Back in the sexist days of yore, men had a saying: “Women –
Can’t live with ‘em, can’t live without ‘em.” That’s sort of the way I feel about
guidance, especially earnings guidance. Personally, I don’t like it, but I
recognize there are times when it’s necessary. It seems to me that if you give
guidance, and you hit your projected numbers, then you get no credit for it. On
the other hand, if you miss the numbers you guided to, investors really penalizes
you because they expect that you have better insight into the business than
they do. And if you beat guidance, then you were sandbagging the numbers and
analysts raise their future estimates so high that you are sure to miss in the
near future.
Yet lots of companies give guidance, so they must feel they
need to. According to a 2010 NIRI survey on guidance practices, of the 269 responding
companies, 90% provide some form of guidance, 58% provide guidance on
earnings/EPS and 62% on revenue or sales. Baruch Lev, in his book “Winning
Investors Over” uses data from First Call and comes up with around 800
companies that provided quarterly guidance and 1,400 that provided annual
guidance in 2007. Companies must feel compelled to issue guidance because no sane
businessman is going to want to make a public forecast unless he is forced to
do so.
So I went looking for some data to see if guidance was a
good thing or not. Not surprisingly, the data is mixed. In his book Baruch Lev
cites a number of academic studies in support of giving guidance. First, there
is a study that shows that companies are more accurate at quarterly guidance
than analysts. (This, of course, is not evidence that company guidance is
necessarily very accurate, just that it’s more accurate than analysts’.) Second,
he cites studies that indicate that guidance enriches the information
environment in the capital markets. By this I think he means that the very act
of giving guidance is another piece of information, which helps improve
transparency. And academic studies show that transparency leads to higher stock
prices, lower stock volatility and reduced cost of capital.

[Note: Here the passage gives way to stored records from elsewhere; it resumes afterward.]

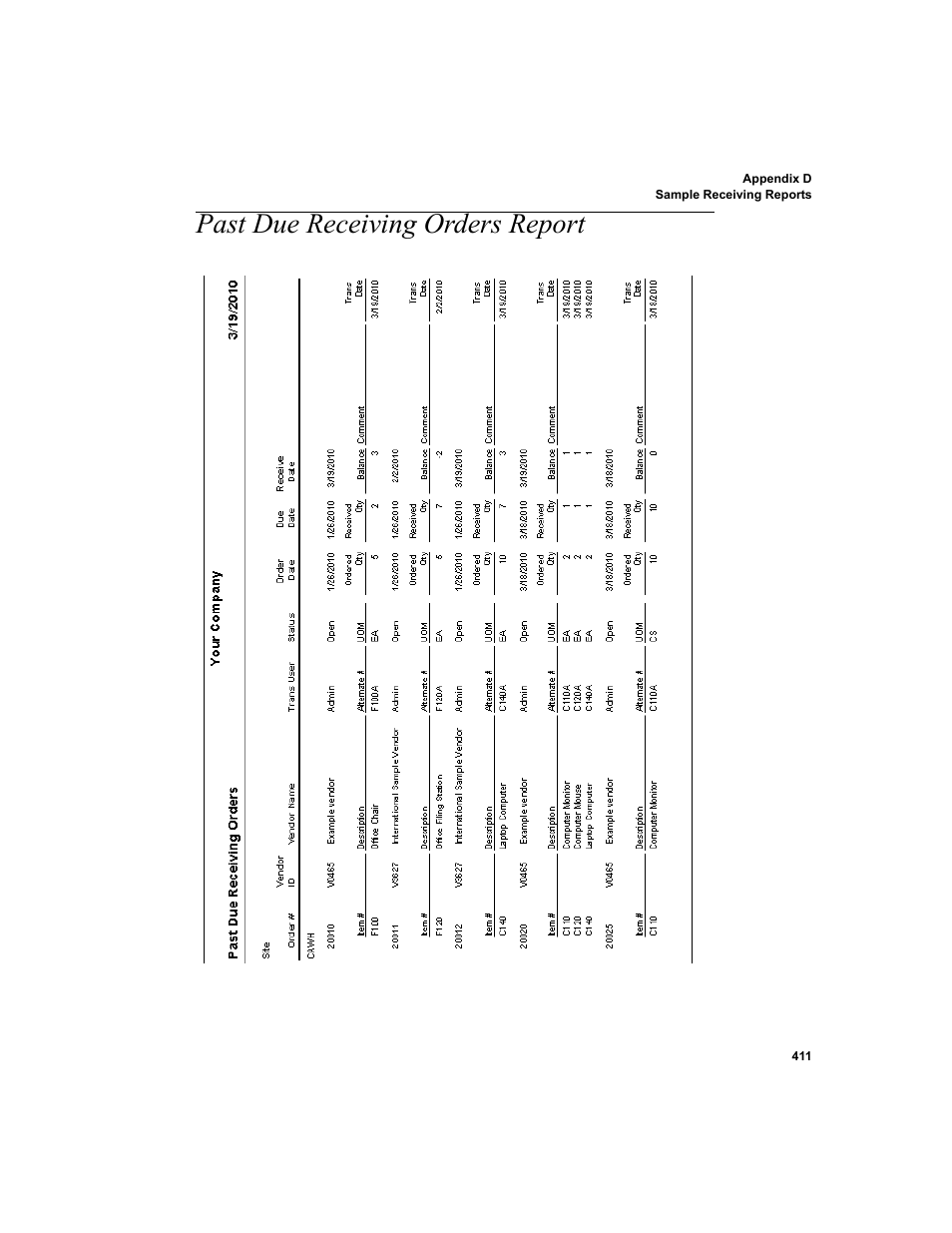 Past due receiving orders report | IntelliTrack WMS – Warehouse Management System User Manual | Page 437 / 466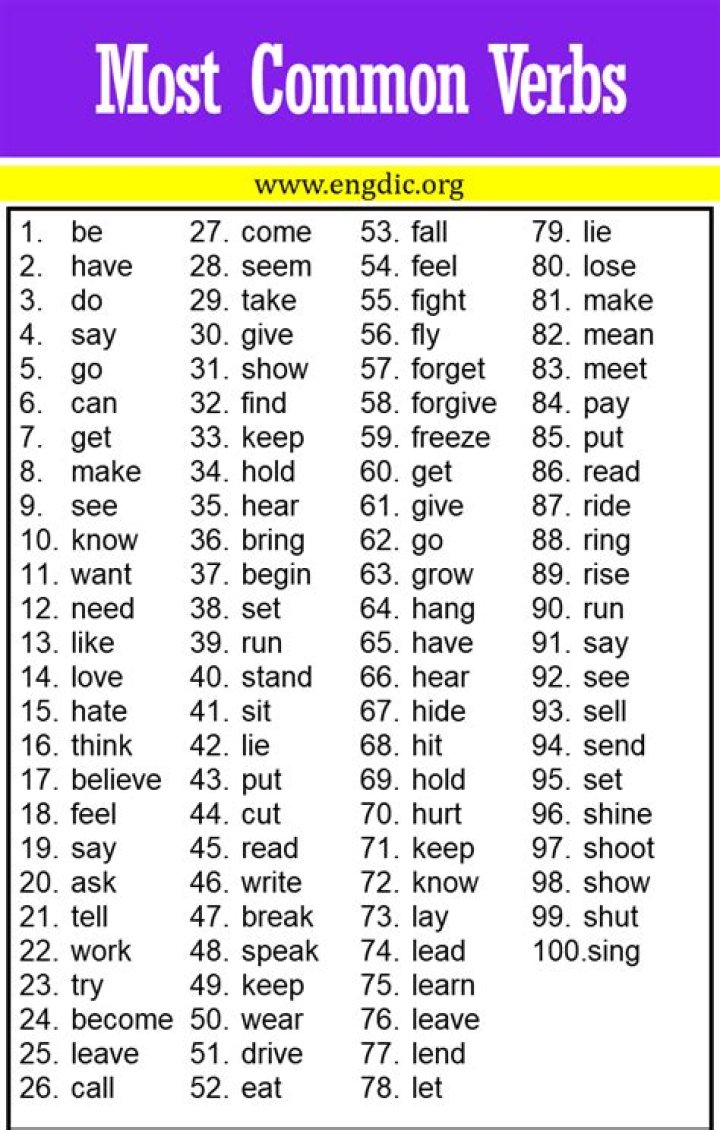 What are the 50 most common verbs in English?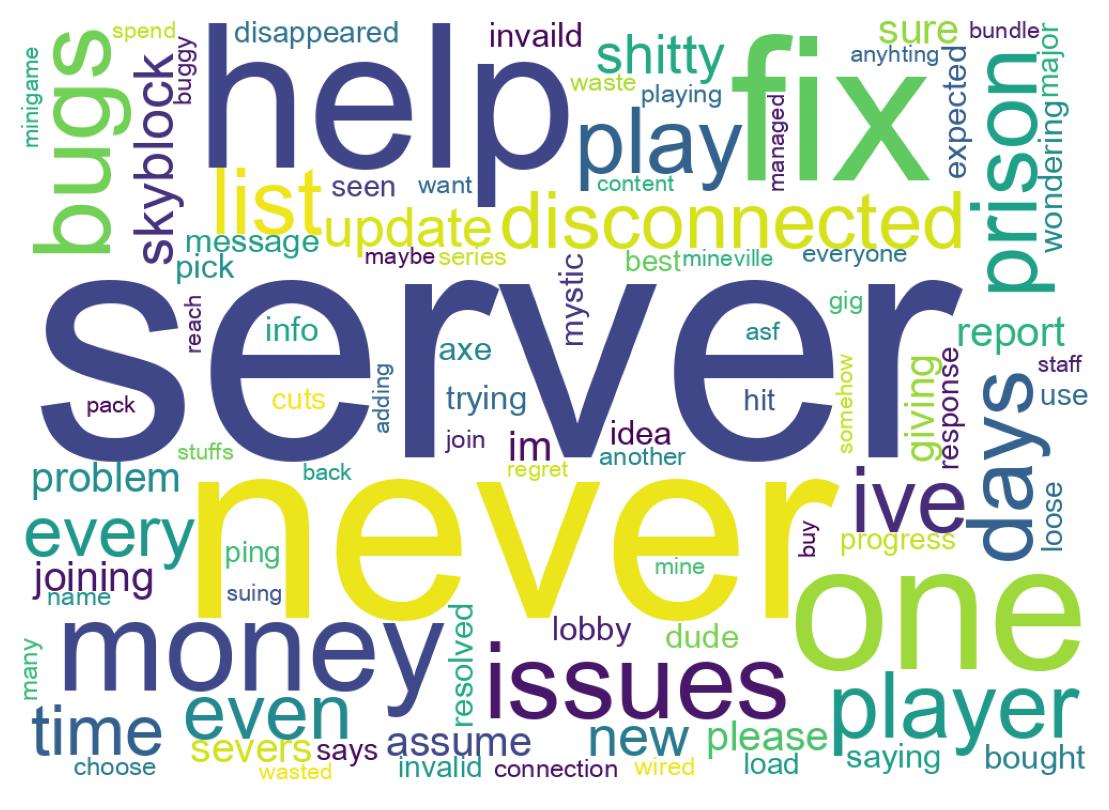 Word cloud tweet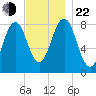 Burnt Island tide chart for Friday, November 22, 2024
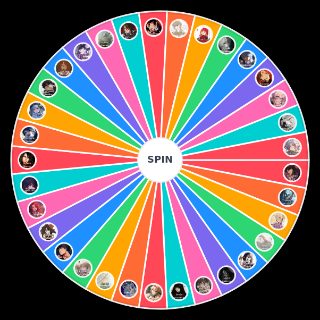 Spin the Wheel: ・ 𝑼𝒏𝒔𝒑𝒐𝒌𝒆𝒏 𝑩𝒍𝒐𝒐𝒅 𝑹𝑷 ・Postacie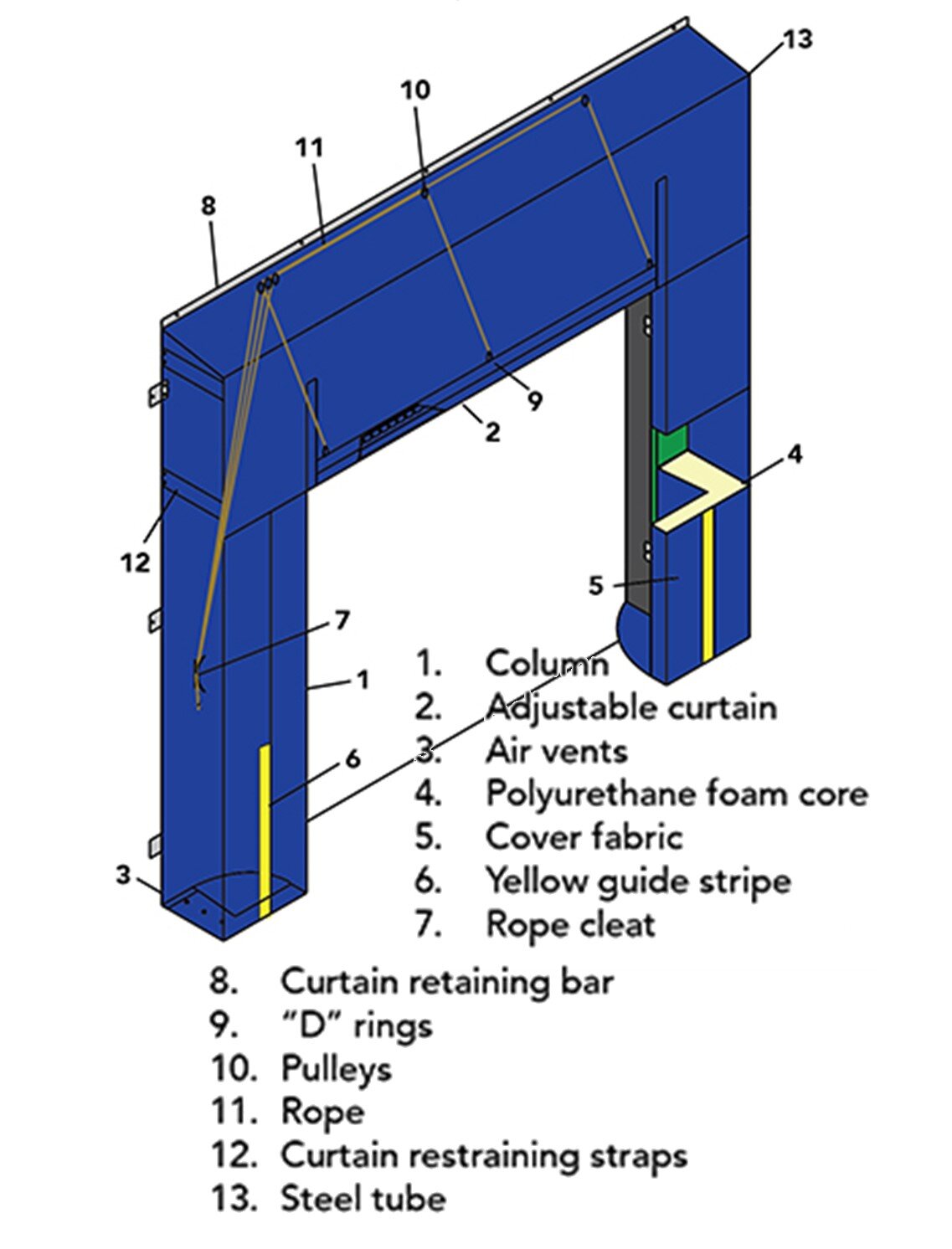 Foam Dock Shelter, Overhead Door of Southern California™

On the other hand, the consulting firm McKinsey, in a study
published in the Spring of 2006, concludes “Our analysis of the perceived
benefits of issuing frequent earnings guidance found no evidence that it
affects valuation multiples, improves shareholder returns, or reduces share
price volatility. The only significant effect we observed is an increase in
trading volumes when companies start issuing guidance…”

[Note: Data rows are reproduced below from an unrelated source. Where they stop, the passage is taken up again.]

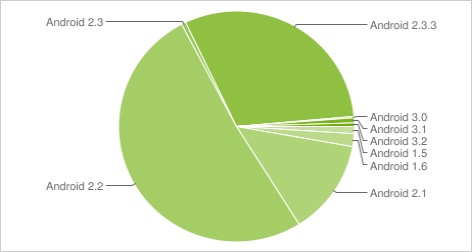 Google Updates Android Version Distribution Charts for August
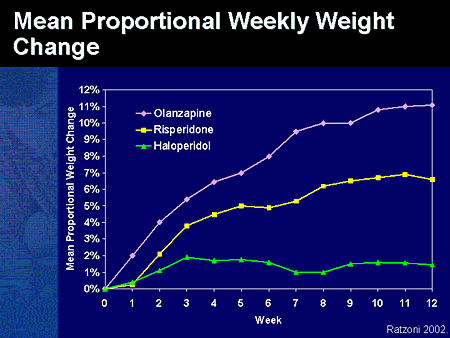 Slide 89. Mean Proportional Weekly Weight Change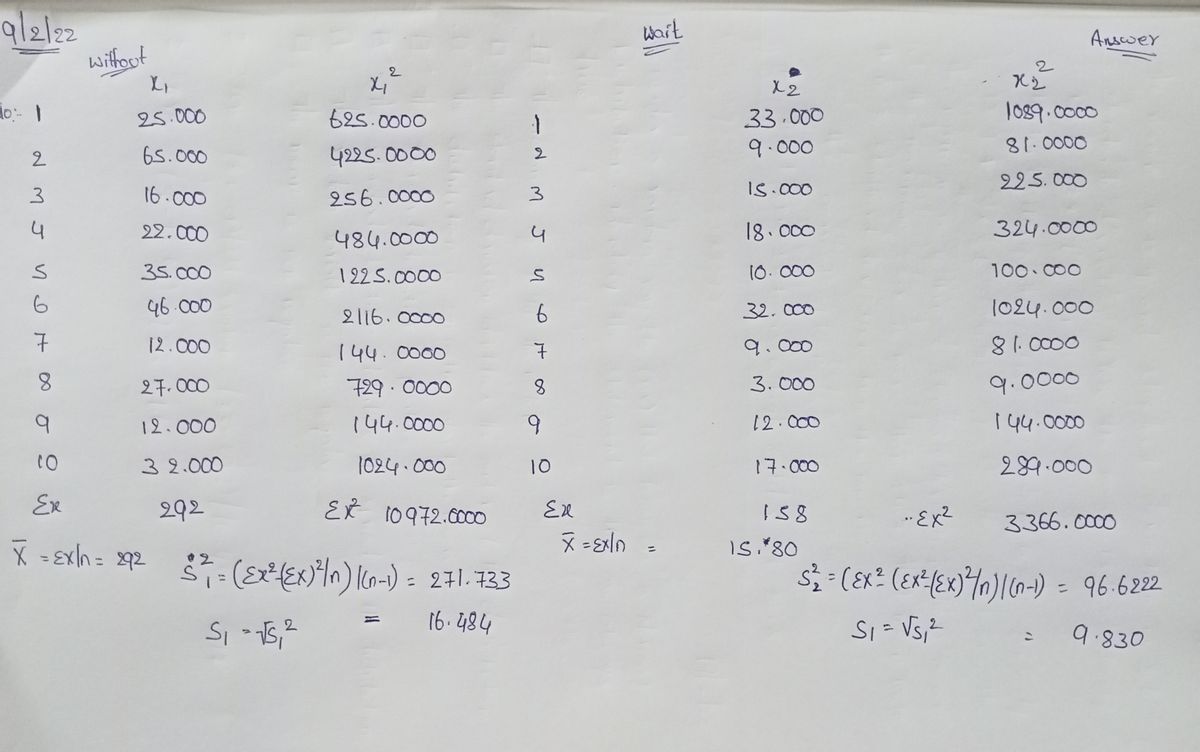 Statistics homework question answer, step 1, image 1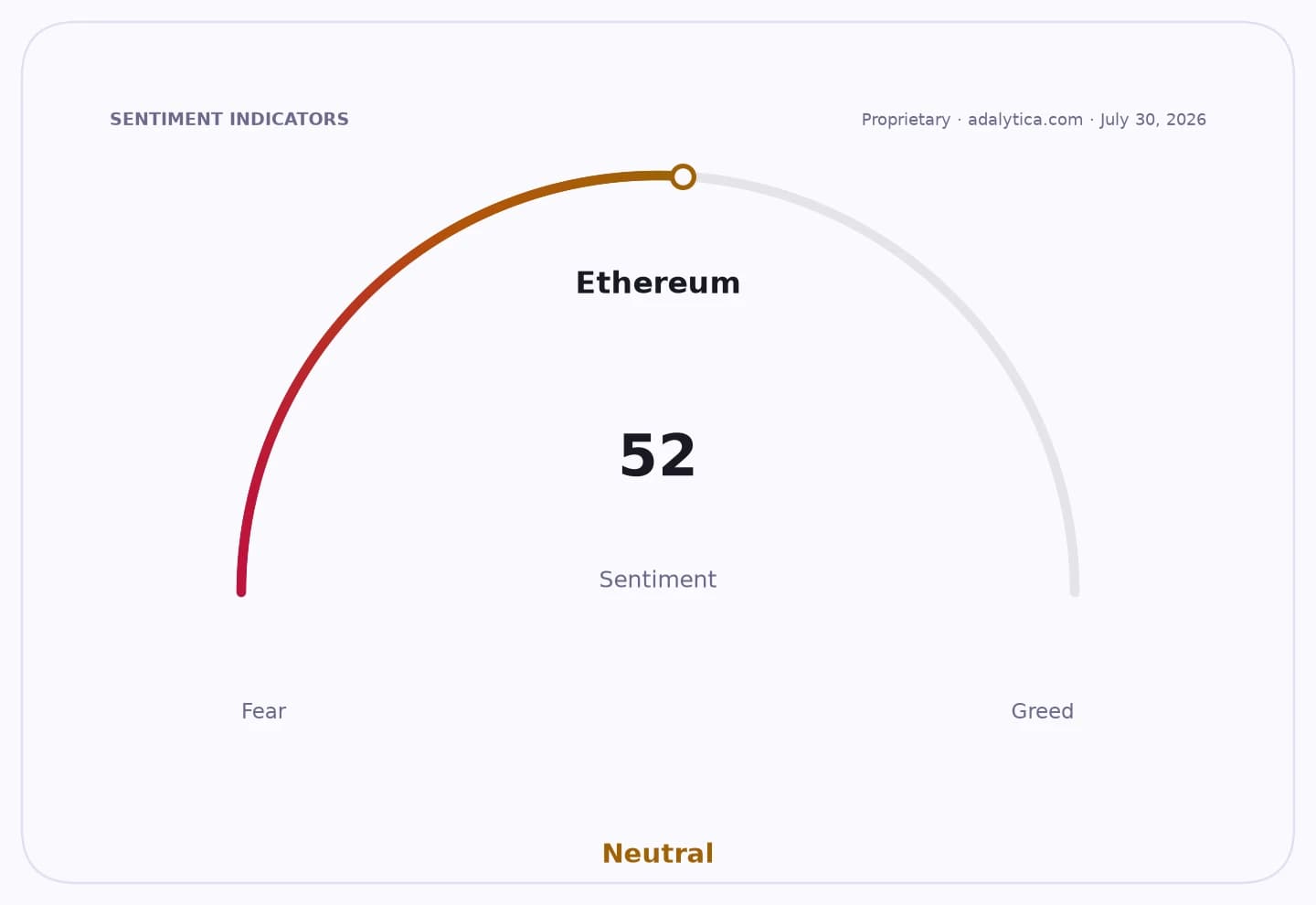 Sentiment gauge dial showing Ethereum sentiment at 52, in the Neutral zone.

So there you have it: dueling experts that lead you to
exactly opposite conclusions. Given that it is not totally clear that guidance
is for every company, I thought I would try to lay out some of the thinking
that might lead a company to make an informed decision regarding guidance. My
next post will take the opposite side, citing the reasons not to issue guidance
and discuss some of the alternatives that I think are better.
You should engage in guidance if:
1. You
are a small cap company and have low sell side analyst coverage. One of the big
issues for small cap stocks is getting on the radar screen of analysts and
getting coverage. Anything a company can do to improve their chance of
coverage, including issuing guidance, should come into play in order to gain
the increased trading volumes, liquidity and visibility that come with
increased sell side coverage.
2. You
are in a predictable business with good insight into near term revenues and
profits. Companies with recurring revenue streams or large backlogs of orders
to be fulfilled in the near future are an example here. Businesses with wide
swings in revenues dependent upon one-time orders are not good candidates.
3. You
don’t want to give continuous updates on your business in between quarters. The
more transparent you can be on a continuing basis, the less you need to help
the street by giving guidance. (More on this next week.)
4. Management
has the intestinal fortitude to run the business to plan and not manage the
earning to hit guidance. Accounting is full of subjective judgments and timing
issues. It is possible to move revenues into the current quarter or fiddle with
loss reserves to make earnings look better in the quarter so you hit your
guidance. This is almost never a good thing, but the pressure to “hit the
numbers” can be overwhelming at times. Don’t issue guidance if it is going to
warp the way you run your business.
5. You
figure that the market is going to make a forecast anyway, so why not take
control of the process.
I suspect there are many companies
that give guidance that do not fit any of the above reasons, but instead do it
because all of their peer companies give guidance. This is probably the worst
reason to do it, and for support, I cite motherly wisdom about all your friends
jumping off a cliff.
1 comment:
I think the bigger issue is the question of earnings warnings; a custom, the Bard would say, more honored in the breach. Especially when a company blows through "guidance" and reports a material upside. Where is the liability? Where is the "duty to update" that NIRI used to flaunt? What is the point of issuing guidance if there is no accountability?